En el caso de Louboutin, la Justicia determinó que el rojo de sus suelas había adquirido “un significado secundario”, es decir, se había convertido en un elemento que les bastaba a los consumidores para identificar la marca. Pero es probable que ese “significado secundario” tuviera también alcances más profundos; de hecho, lo prueba la propia querella: es comprensible que un fabricante de zapatos quiera emular una horma que garantiza confort y bienestar físico, como ocurre en el litigio de Birkenstock, pero, ¿cuál sería el sentido de copiar un color, y para colmo en la suela del calzado, si no el intento de capturar una cualidad intangible, una cierta idea de lujo, de belleza, de sensualidad? Un símbolo. Un bien tanto más preciado cuanto más evanescente. La esencia de aquellas cosas que se nombran por su apellido: un Chanel, un Picasso, una Ferrari. Objetos humanizados, metáforas de atributos sociales, intelectuales, sexuales.

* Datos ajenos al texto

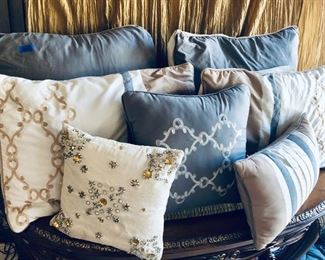Lot of decorative pillows https://ctbids.com/#!/description/share/214237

Acaso haya sido Georges Perec, en su bella novela Las cosas, quien logró observar con todos los matices de la lucidez las emociones inexplicables, excesivas que los objetos pueden suscitar; las ensoñaciones que engendran, los anhelos que se cifran en ellos; la afectividad irracional con que nos volcamos a su cuidado; la pasión por poseerlos, la frustración de saberlos inalcanzables.
"La esencia de aquellas cosas que se nombran por su apellido: un Chanel, un Picasso, una Ferrari"

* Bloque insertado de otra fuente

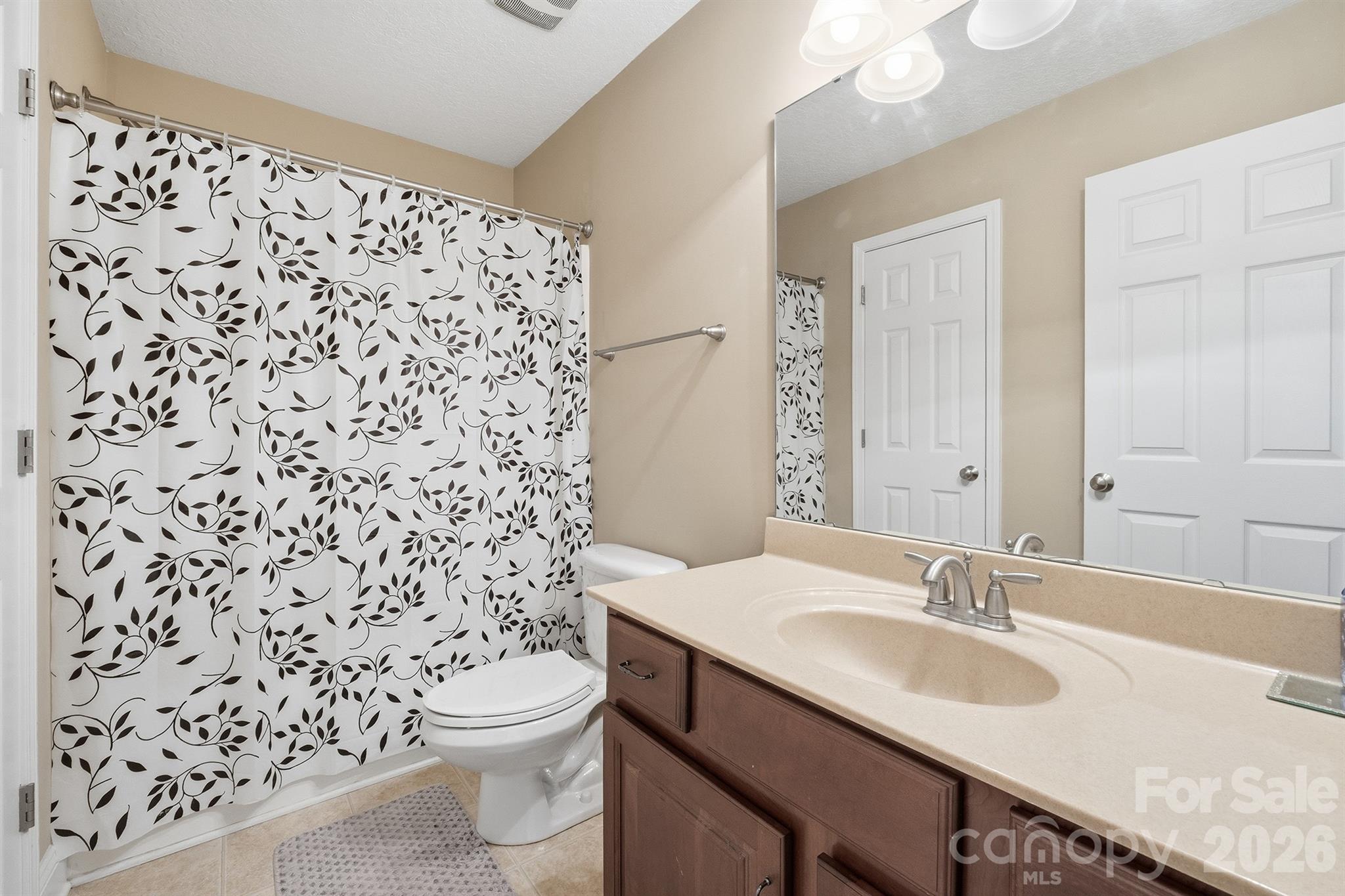 516 Shady Oaks Drive Property Photo 31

Después de dedicar las primeras páginas a una minuciosa descripción, cuarto por cuarto, de lo que sería el hogar ideal para la joven y modesta pareja parisiense que integran Jérôme y Sylvie (lo más parecido en literatura a la proeza cinematográfica de contar una historia completa en una sola toma), una enumeración interminable y flexible donde se acumulan alfombras, pasillos, espejos, muebles de ricas maderas, cuadros exquisitos, cortinados suntuosos, salas mullidas, bibliotecas repletas de volúmenes fascinantes, ventanales estallados de luz, el narrador conjetura: “La vida, allí, sería fácil, muy fácil. Todas las obligaciones, todos los problemas que implica la vida material encontrarían una solución natural”.
Y avanza: “A veces les parecería que podría transcurrir armoniosamente una vida entera entre aquellos muros cubiertos de libros, entre aquellos objetos tan perfectamente domesticados que habrían acabado por creerlos hechos desde siempre para que los usaran ellos únicamente, entre aquellas cosas bellas y sencillas, suaves, luminosas. Pero no se sentirían encadenados a ellas”. La conclusión, entonces, brota espontánea. Y perfecta como un espejismo: “No conocerían el rencor, ni la amargura, ni la envidia. Pues sus medios y sus deseos estarían acordes en todos los puntos, siempre. Llamarían a este equilibrio felicidad”.